(Crawled caption data)
•••••
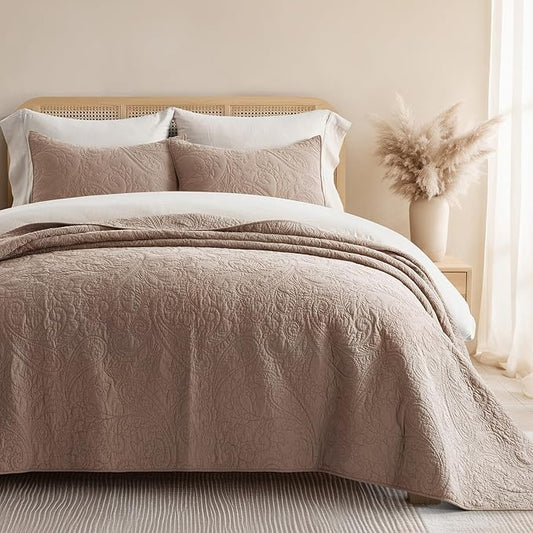 EVERGRACE 100% Cotton Paisley Quilt Set, King Size 3 Piece Set – Prewashed Lightweight Bedspread with 2 Shams, Soft & Breathable Matelasse Coverlet for All-Season Comfort, Dusty Brick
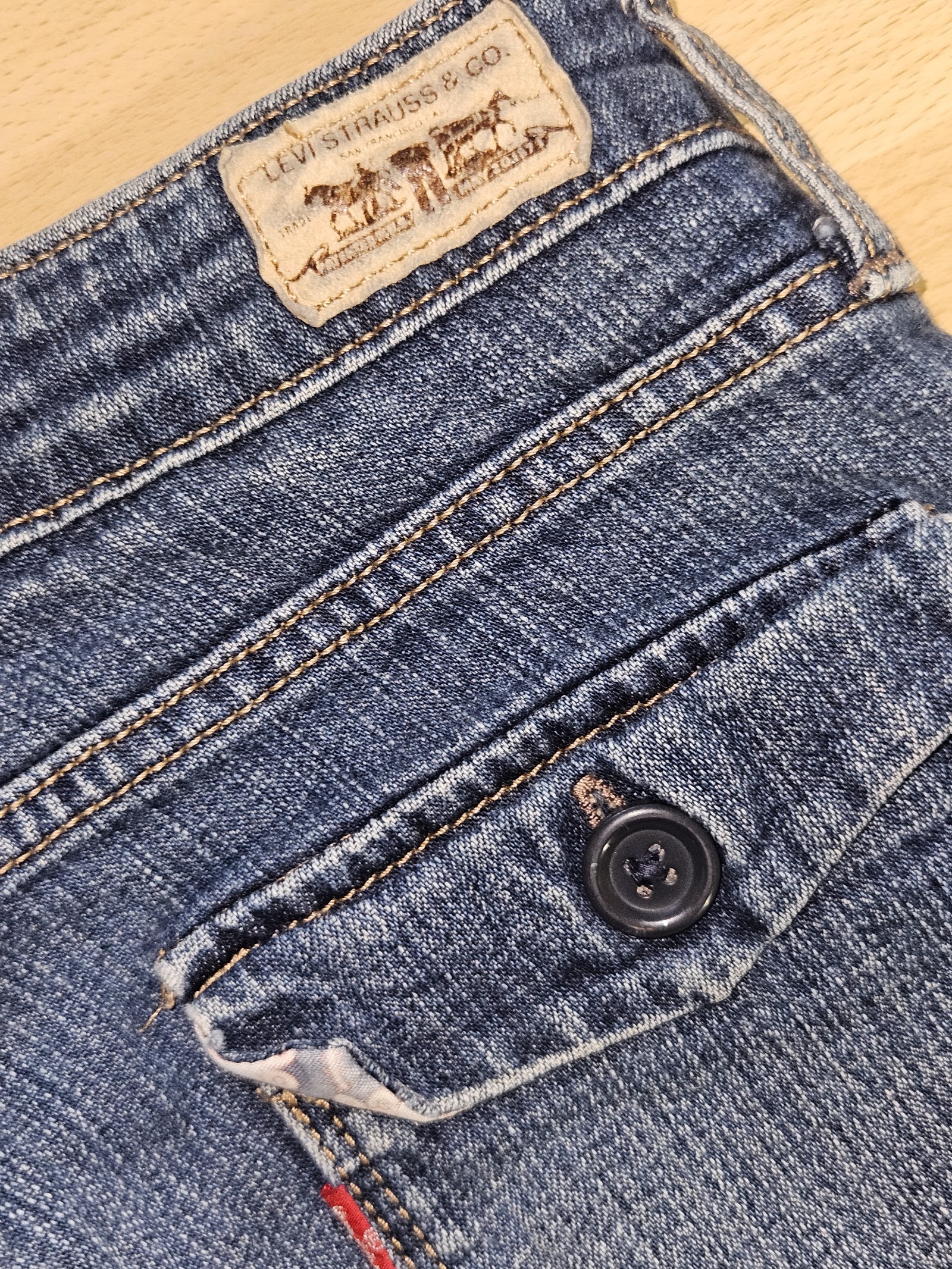 Genuine Levi's 545 Low Boot Cut Cut-Off Capri Jeans, 2 Medium, photo 5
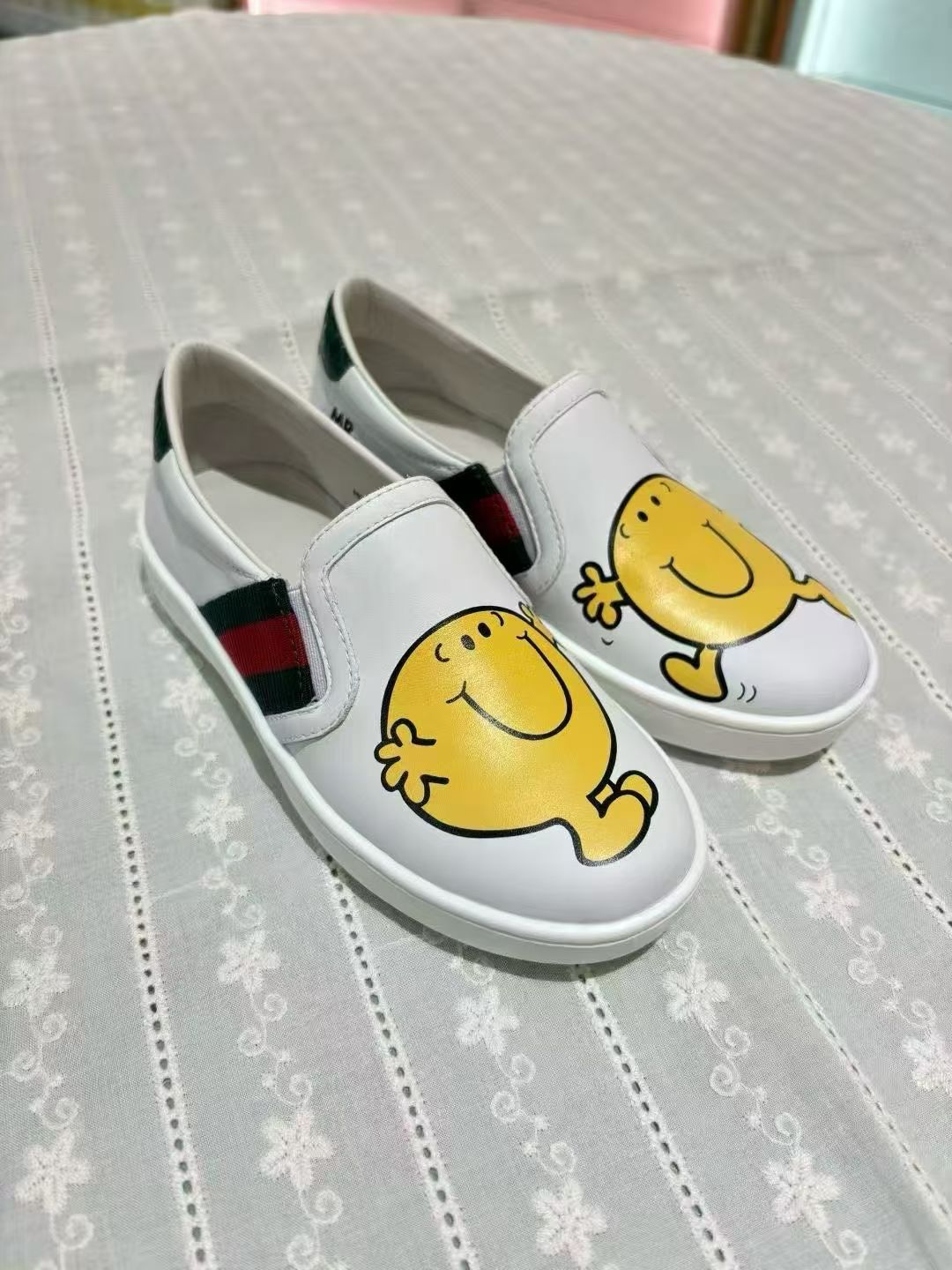 Ya está aquí el nuevo modelo, calzado infantil uno a uno de alta gama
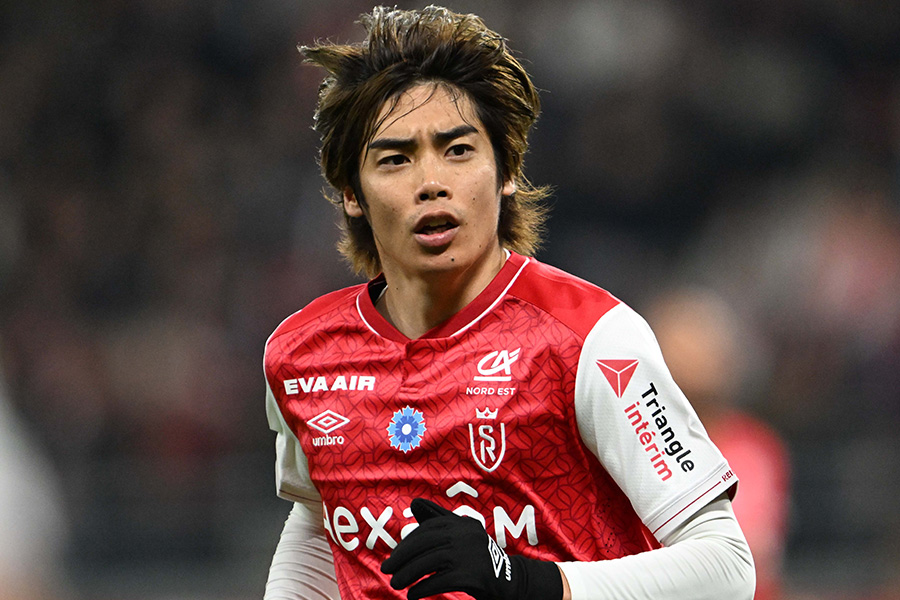 伊東純也は「1人だけレベルが違う」 高打点ヘディング弾演出のピン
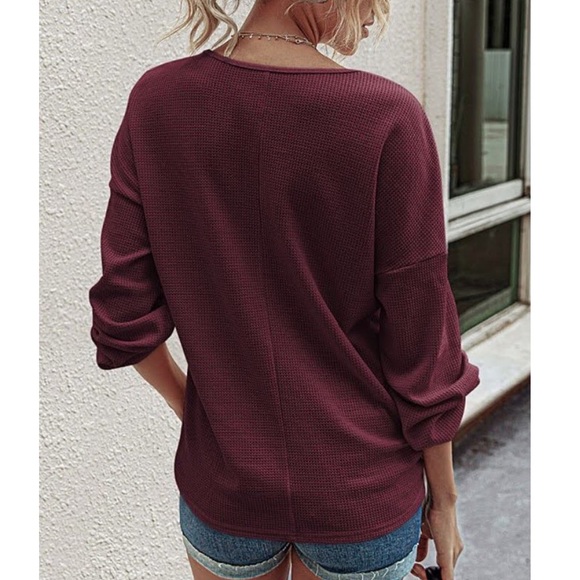 Waffle Thermal Knit V Neck Shirt Burgundy Wine - Picture 4 of 5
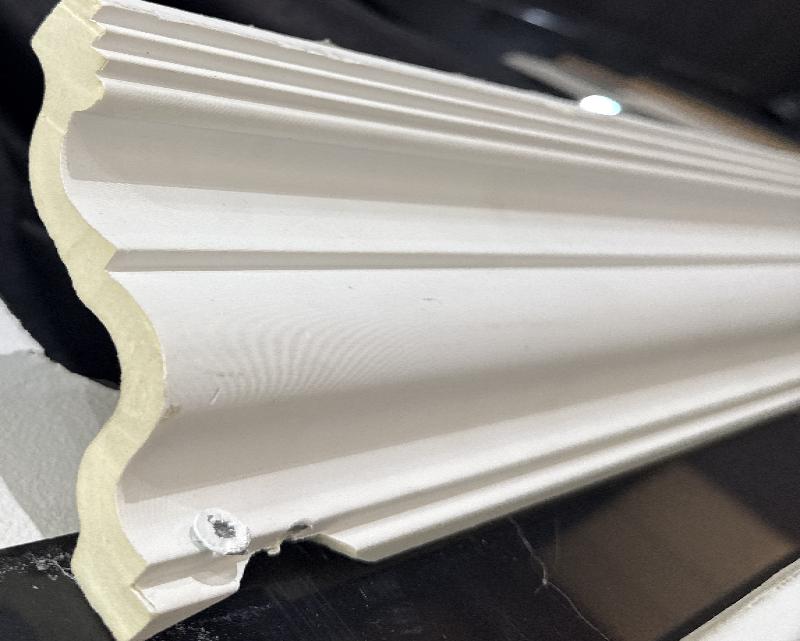 קיר תקרה الكبيره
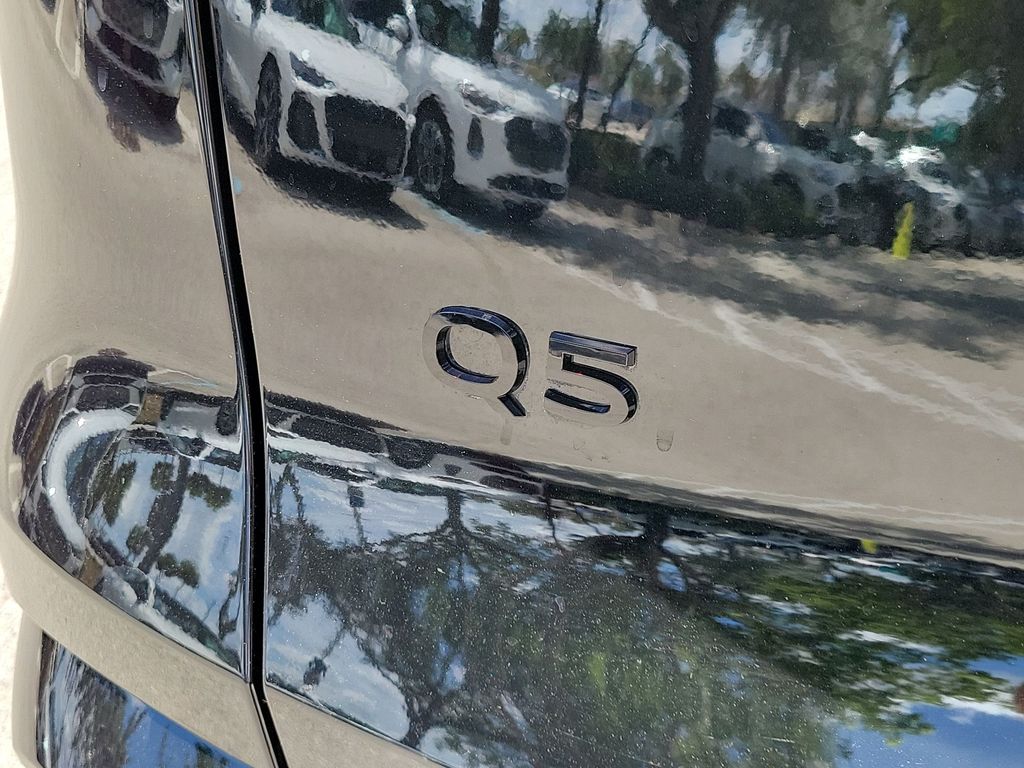 Thumbnail: 2025 Audi Q5 - 7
•••••
Copy the records above exactly. Do not carry any picture into the copy.

 EVERGRACE 100% Cotton Paisley Quilt Set, King Size 3 Piece Set – Prewashed Lightweight Bedspread with 2 Shams, Soft & Breathable Matelasse Coverlet for All-Season Comfort, Dusty Brick
 Genuine Levi's 545 Low Boot Cut Cut-Off Capri Jeans, 2 Medium, photo 5
 Ya está aquí el nuevo modelo, calzado infantil uno a uno de alta gama
 伊東純也は「1人だけレベルが違う」 高打点ヘディング弾演出のピン
 Waffle Thermal Knit V Neck Shirt Burgundy Wine - Picture 4 of 5
 קיר תקרה الكبيره
 Thumbnail: 2025 Audi Q5 - 7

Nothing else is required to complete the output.